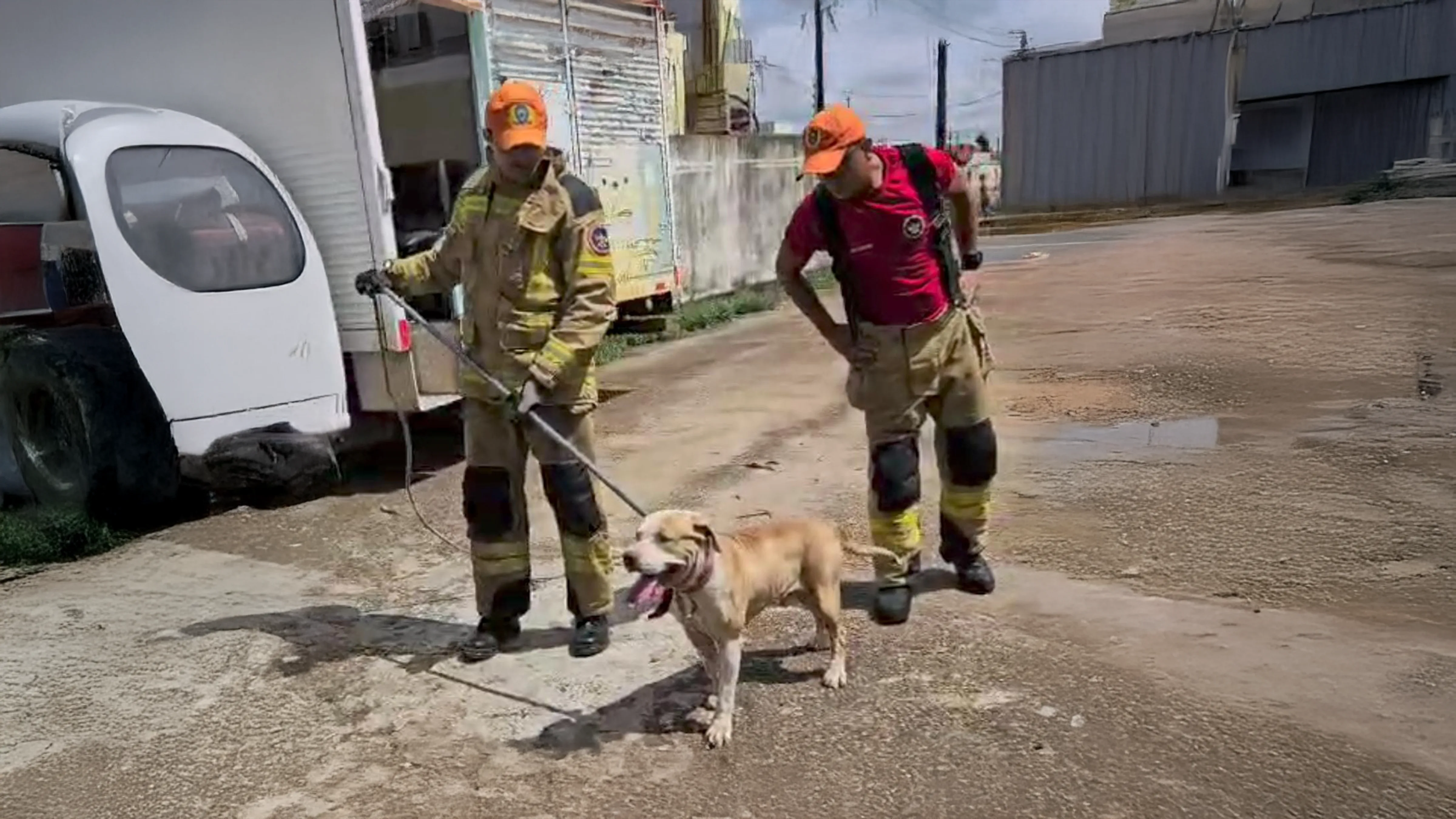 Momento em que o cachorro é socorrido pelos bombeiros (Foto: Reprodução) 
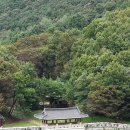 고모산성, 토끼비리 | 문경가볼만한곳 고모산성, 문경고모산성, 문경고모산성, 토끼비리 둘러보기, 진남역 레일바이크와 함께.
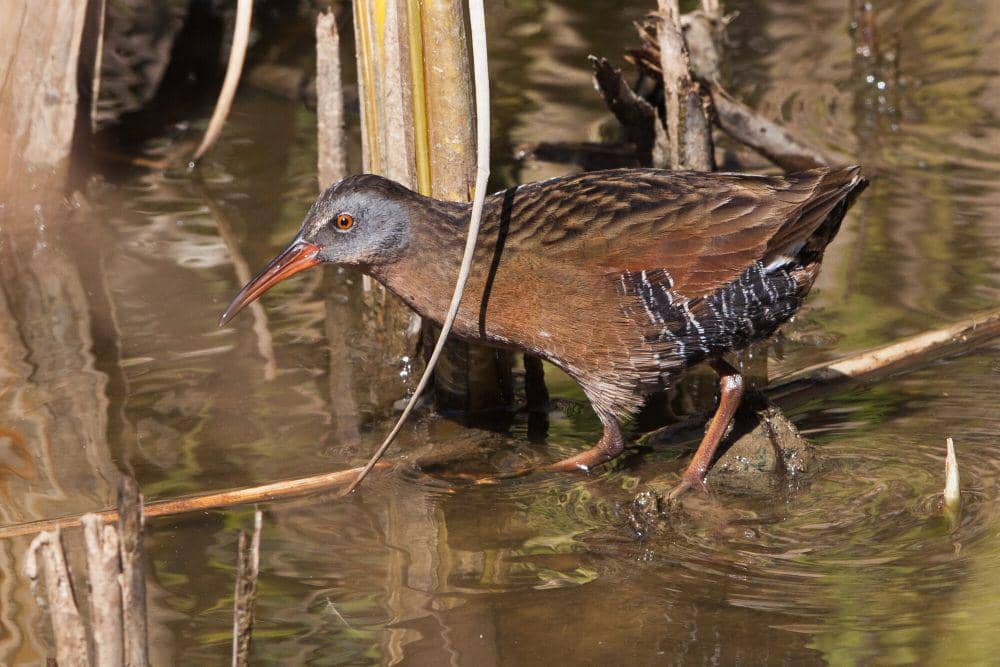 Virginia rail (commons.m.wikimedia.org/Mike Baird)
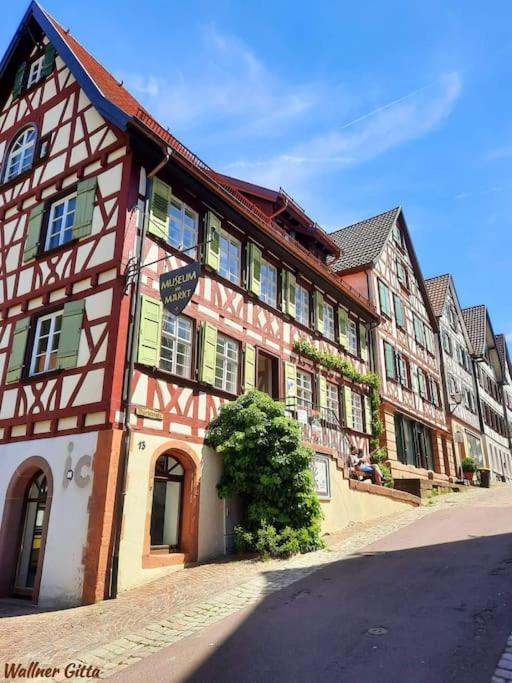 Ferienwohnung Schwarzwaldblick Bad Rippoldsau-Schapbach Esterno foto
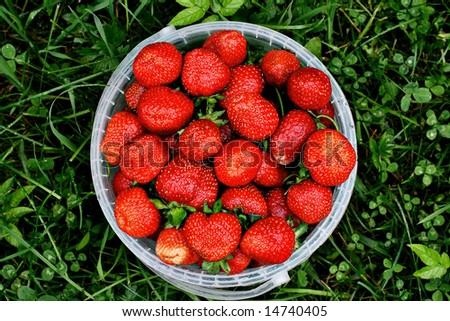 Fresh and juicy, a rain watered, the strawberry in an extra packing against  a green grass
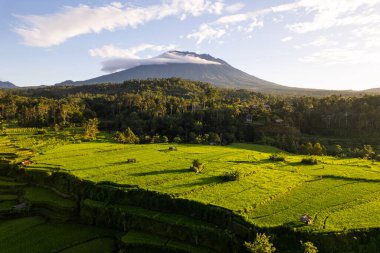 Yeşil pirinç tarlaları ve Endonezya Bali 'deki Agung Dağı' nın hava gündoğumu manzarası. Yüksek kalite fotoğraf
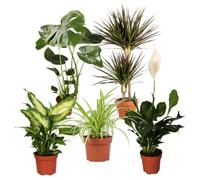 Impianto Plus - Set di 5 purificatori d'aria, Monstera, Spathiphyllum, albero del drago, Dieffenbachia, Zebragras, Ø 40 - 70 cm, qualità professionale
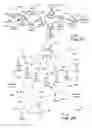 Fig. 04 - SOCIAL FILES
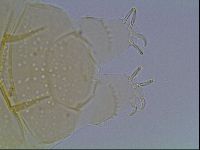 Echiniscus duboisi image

——

Exercise:
Reproduce the material above verbatim; omit every picture.

Expected output:
 Momento em que o cachorro é socorrido pelos bombeiros (Foto: Reprodução) 
 고모산성, 토끼비리 | 문경가볼만한곳 고모산성, 문경고모산성, 문경고모산성, 토끼비리 둘러보기, 진남역 레일바이크와 함께.
 Virginia rail (commons.m.wikimedia.org/Mike Baird)
 Ferienwohnung Schwarzwaldblick Bad Rippoldsau-Schapbach Esterno foto
 Fresh and juicy, a rain watered, the strawberry in an extra packing against  a green grass
 Yeşil pirinç tarlaları ve Endonezya Bali 'deki Agung Dağı' nın hava gündoğumu manzarası. Yüksek kalite fotoğraf
 Impianto Plus - Set di 5 purificatori d'aria, Monstera, Spathiphyllum, albero del drago, Dieffenbachia, Zebragras, Ø 40 - 70 cm, qualità professionale
 Fig. 04 - SOCIAL FILES
 Echiniscus duboisi image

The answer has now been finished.